The world’s green elite has gathered in Poland to work out how to actually implement the Paris climate treaty that was so showily inaugurated in 2015. The Yellow Vests protests should be a hint to the delegates in Poland: the people are not on your side.
Most Americans are probably just hearing about the ongoing protests in France after images of rioting around the Arc de Triomphe in Paris this past weekend finally forced the topic onto the front page. The nationwide protests, now in their third week, had previously garnered little coverage outside France, and what limited mention was made often obscured the source of anger driving the protests with vague references to “rising fuel prices.” Since this weekend, international media has reluctantly gotten closer to identifying the root cause, citing “rising taxes.” But this is not just any old tax protest, it is targeted at a very specific kind of tax: namely, a carbon tax. The protests in France, which despite the focus on Paris have been overwhelmingly peaceful and span the entire country, should be considered another data point in the building backlash to the international green agenda of forcing energy prices higher.
See the media references to rising fuel prices and rising taxes are correct in a sense, even if they don’t tell the whole story. The protest is specifically against rising fuel taxes, a previous increase imposed by President Emmanuel Macron last year, and the further increase scheduled for January 1st, 2019. Hence the name given to the protesters, the gilets jaunes, “yellow vests,” which are required emergency equipment for every car in France and thus a symbol of being a car owner. The January tax increases would have been the been the equivalent of 30 cents a gallon for diesel (around half of cars in France are diesel) and about 10 cents per gallon for regular gasoline. This is on top of tax increases already enacted for 2018 and with additional tax increases scheduled into the future. These tax increases have been explicitly billed by Macron as a means to meet France’s commitments under the Paris climate treaty, making fuel more costly in an effort to reduce consumption and the carbon dioxide emissions associated with that consumption.

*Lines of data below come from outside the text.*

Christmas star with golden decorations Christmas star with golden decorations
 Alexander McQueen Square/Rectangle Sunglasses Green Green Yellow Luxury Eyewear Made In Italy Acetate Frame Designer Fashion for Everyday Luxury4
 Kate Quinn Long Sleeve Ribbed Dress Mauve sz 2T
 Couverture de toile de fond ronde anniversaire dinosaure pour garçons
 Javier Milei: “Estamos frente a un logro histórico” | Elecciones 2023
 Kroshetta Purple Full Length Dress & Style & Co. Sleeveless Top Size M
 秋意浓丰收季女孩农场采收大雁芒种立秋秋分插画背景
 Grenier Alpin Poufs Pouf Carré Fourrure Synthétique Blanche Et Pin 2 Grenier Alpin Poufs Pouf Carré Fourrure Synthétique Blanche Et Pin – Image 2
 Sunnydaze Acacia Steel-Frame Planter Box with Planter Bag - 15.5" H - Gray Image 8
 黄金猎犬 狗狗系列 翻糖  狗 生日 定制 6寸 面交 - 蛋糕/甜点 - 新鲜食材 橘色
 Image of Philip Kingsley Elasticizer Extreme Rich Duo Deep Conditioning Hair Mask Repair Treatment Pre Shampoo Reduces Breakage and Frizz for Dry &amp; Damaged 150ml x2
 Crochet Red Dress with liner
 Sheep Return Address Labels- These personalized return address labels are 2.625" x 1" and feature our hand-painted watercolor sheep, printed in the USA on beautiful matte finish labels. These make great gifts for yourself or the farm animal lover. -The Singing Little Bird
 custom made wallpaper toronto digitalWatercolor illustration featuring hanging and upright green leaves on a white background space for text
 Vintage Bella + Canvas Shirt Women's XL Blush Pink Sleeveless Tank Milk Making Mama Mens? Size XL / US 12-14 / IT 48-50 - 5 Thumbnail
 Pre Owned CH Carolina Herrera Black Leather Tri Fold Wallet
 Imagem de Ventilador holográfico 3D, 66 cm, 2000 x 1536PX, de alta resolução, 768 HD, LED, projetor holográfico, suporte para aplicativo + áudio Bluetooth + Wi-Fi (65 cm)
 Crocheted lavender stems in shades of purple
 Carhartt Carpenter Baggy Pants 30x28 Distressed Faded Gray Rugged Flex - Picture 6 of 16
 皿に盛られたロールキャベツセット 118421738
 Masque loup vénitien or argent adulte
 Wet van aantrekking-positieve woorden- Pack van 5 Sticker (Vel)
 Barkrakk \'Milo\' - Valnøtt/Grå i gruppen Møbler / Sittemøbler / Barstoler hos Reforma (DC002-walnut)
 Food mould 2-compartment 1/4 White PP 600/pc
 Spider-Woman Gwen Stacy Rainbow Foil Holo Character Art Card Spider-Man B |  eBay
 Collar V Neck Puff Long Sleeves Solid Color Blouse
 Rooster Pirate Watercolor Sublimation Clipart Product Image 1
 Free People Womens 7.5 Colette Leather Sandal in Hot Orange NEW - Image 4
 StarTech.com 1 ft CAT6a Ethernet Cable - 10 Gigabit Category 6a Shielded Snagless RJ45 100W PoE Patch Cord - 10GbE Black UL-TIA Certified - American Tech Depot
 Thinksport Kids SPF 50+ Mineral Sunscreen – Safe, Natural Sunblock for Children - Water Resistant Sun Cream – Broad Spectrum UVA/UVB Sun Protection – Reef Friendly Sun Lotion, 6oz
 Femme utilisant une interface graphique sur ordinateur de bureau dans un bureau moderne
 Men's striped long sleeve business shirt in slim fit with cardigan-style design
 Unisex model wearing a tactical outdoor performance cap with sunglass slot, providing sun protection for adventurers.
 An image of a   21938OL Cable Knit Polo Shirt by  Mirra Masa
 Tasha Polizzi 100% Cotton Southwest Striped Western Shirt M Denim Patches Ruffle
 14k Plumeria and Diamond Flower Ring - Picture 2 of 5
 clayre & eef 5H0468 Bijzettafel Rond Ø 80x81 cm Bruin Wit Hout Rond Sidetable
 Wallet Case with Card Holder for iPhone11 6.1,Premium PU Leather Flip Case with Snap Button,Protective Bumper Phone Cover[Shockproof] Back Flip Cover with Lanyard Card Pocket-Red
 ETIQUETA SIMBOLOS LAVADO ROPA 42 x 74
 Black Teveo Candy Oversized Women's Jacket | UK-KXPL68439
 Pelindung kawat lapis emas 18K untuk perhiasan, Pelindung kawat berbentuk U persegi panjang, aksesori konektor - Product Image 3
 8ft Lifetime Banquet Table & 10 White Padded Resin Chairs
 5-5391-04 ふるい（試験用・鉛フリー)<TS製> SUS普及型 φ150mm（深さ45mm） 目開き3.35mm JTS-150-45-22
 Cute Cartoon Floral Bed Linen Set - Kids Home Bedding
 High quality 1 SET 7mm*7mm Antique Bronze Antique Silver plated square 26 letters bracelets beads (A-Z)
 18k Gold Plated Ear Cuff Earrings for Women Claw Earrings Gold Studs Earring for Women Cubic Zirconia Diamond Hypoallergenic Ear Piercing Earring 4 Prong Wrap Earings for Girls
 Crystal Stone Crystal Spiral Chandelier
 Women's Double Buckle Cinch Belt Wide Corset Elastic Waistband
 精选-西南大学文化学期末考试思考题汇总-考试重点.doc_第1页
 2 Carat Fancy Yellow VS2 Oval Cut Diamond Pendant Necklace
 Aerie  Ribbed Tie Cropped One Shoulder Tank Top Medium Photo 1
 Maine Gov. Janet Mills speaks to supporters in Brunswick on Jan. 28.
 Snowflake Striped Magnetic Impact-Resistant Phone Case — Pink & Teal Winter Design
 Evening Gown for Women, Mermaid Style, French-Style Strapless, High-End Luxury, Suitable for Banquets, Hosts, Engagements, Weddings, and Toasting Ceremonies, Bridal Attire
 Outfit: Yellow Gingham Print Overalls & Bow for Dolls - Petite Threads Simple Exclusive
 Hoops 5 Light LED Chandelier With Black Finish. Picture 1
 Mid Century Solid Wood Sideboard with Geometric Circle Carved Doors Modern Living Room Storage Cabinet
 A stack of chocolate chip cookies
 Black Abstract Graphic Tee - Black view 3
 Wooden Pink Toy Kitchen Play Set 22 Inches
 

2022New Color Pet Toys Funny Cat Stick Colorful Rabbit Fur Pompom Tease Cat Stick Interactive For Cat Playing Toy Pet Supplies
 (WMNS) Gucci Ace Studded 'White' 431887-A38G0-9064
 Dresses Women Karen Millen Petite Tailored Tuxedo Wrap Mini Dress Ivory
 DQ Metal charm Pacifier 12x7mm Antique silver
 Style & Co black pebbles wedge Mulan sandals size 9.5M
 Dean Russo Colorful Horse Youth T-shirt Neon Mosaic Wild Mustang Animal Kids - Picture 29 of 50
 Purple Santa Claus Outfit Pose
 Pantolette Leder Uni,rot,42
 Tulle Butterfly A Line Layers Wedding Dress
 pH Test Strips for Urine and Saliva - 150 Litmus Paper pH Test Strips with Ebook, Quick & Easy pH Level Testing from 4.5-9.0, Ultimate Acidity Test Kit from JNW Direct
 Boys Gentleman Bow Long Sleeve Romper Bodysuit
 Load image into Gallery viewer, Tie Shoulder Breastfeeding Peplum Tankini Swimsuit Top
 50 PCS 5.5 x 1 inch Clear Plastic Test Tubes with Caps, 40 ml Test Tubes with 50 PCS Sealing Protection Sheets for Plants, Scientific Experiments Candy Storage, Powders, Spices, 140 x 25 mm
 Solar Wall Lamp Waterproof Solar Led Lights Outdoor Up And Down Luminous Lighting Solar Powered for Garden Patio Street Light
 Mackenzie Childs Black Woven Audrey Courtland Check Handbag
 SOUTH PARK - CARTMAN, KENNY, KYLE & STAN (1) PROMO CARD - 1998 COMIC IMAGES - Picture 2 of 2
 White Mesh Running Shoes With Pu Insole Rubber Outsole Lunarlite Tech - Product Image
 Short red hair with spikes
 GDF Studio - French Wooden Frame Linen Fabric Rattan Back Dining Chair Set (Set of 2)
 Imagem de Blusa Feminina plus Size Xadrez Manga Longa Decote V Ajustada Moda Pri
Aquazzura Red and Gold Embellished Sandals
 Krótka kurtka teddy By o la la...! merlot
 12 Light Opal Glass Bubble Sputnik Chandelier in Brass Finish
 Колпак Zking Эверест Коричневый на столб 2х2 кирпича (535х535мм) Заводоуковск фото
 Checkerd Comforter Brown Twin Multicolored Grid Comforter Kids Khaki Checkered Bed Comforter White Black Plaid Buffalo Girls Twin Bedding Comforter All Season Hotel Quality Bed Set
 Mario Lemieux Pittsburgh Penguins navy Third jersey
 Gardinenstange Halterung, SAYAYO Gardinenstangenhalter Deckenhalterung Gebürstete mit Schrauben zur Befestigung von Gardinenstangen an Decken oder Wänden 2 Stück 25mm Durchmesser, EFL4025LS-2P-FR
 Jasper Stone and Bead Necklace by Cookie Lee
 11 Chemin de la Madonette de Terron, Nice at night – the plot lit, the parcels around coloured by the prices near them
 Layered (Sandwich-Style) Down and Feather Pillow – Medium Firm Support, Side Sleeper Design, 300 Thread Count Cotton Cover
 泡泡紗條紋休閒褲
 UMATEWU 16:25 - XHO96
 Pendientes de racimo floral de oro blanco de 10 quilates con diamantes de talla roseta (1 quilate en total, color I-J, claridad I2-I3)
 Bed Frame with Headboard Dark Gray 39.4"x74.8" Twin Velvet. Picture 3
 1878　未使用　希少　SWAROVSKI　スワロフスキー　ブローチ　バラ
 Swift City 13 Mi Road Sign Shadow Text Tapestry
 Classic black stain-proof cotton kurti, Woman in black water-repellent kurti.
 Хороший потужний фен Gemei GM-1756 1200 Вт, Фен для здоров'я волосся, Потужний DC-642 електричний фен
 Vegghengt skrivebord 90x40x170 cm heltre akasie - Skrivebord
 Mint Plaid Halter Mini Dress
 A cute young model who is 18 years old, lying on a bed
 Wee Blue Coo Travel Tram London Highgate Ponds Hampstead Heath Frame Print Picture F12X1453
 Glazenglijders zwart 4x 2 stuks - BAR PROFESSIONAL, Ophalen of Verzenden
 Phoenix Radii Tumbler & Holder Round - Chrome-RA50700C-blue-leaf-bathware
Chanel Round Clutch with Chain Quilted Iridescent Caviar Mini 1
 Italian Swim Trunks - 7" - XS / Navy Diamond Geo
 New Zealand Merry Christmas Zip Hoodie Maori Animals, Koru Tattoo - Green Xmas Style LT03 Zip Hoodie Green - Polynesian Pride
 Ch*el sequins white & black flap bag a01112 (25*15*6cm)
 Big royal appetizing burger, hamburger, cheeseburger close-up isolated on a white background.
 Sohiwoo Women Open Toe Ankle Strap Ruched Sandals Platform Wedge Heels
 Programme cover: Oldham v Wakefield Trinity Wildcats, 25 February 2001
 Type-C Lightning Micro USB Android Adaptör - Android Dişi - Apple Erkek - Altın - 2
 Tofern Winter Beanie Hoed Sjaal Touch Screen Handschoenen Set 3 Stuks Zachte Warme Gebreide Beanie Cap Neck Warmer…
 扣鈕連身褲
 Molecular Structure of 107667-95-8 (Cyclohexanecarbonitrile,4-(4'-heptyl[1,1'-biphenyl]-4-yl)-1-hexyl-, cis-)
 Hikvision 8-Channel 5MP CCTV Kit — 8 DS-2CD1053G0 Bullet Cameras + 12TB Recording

The problem is that outside the density and mass transit of Paris and other large cities, in large swaths of rural France there is no option but to drive a car. Sales taxes already make up 60% of the price of fuel in France, which has among the highest fuel prices in Europe, and most of the main trunk roads in the country exact steep tolls. Layering even more costs on these car-dependent regions, which are also less financially well off than glittering urban centers like Paris, has finally pushed many French to the breaking point. And it’s not just the tens of thousands of protesters standing alone: polling has found more than 75% of the French population support the protests.
While the revolt seems to have taken Macron and other green elites by surprise, it shouldn’t have. Polling on carbon taxes has found pretty consistent results: people may vaguely support action to reduce carbon dioxide emissions (not surprising considering the media relentlessly hammers CO2 as evil and dangerous), but when asked how much they would be personally willing to pay in higher gas or electricity bills, the overwhelming response is little to nothing. In France, we are seeing these preferences play out in the streets as drivers object to paying the cost of green ideology.
The focus on the images of rioting in Paris is understandable, but it also paints a picture of violent urban street protests, when most of the past few weeks of tax revolt have been nothing of the sort. The protests have been dozens of people blocking a roundabout to slow traffic, creating an atmosphere reminiscent of a neighborhood block party. Or it’s been groups of people taking over toll plazas and, in a direct rebuke to the tax hikers, waving vehicles through without paying the toll (which saved this grateful correspondent a few tens of euros while driving through northern France on the first weekend of the protests). It has been the very definition of a spontaneous, widespread grassroots uprising.